Physically-Based Mesh Generation for Confined 3D Point Clouds Using Flexible Foil Models
Netzer Moriya
TL;DR
This work addresses generating high-quality, closed-surface meshes from confined 3D point clouds by simulating a flexible foil constrained by fixed vertices. It couples elasticity-based forces with a pressure-driven contraction and uses adaptive snapping to fixed vertices under a damping regime, all evolved with explicit-Euler integration; the updates follow $v_{t+1}=v_t+Delta t * a_t$, $x_{t+1}=x_t+Delta t * v_{t+1}$, $a_t=f_t/m$. The contributions include a physics-grounded mathematical formulation (elastic, pressure, damping), a complete implementation pipeline (Fibonacci lattice initialization, convex hull meshing, snapping, smoothing, refinement), and stability-guided evaluation demonstrating smooth convergence and mesh quality under constraints.

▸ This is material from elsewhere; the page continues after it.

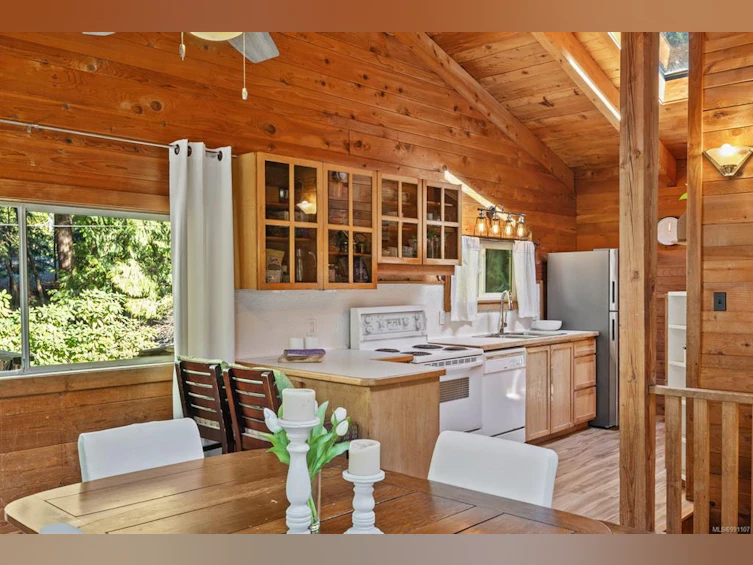 500 Smelt Bay Road, Cortes Island, BC, V0P 1K0 - 10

The results show a stable, structured evolution that preserves boundary constraints while improving uniformity, offering a practical pathway for applications in engineering, biomedical modeling, and computer graphics.
Abstract
We propose a method for constructing high-quality, closed-surface meshes from confined 3D point clouds via a physically-based simulation of flexible foils under spatial constraints. The approach integrates dynamic elasticity, pressure-driven deformation, and adaptive snapping to fixed vertices, providing a robust framework for realistic and physically accurate mesh creation. Applications in computer graphics and computational geometry are discussed.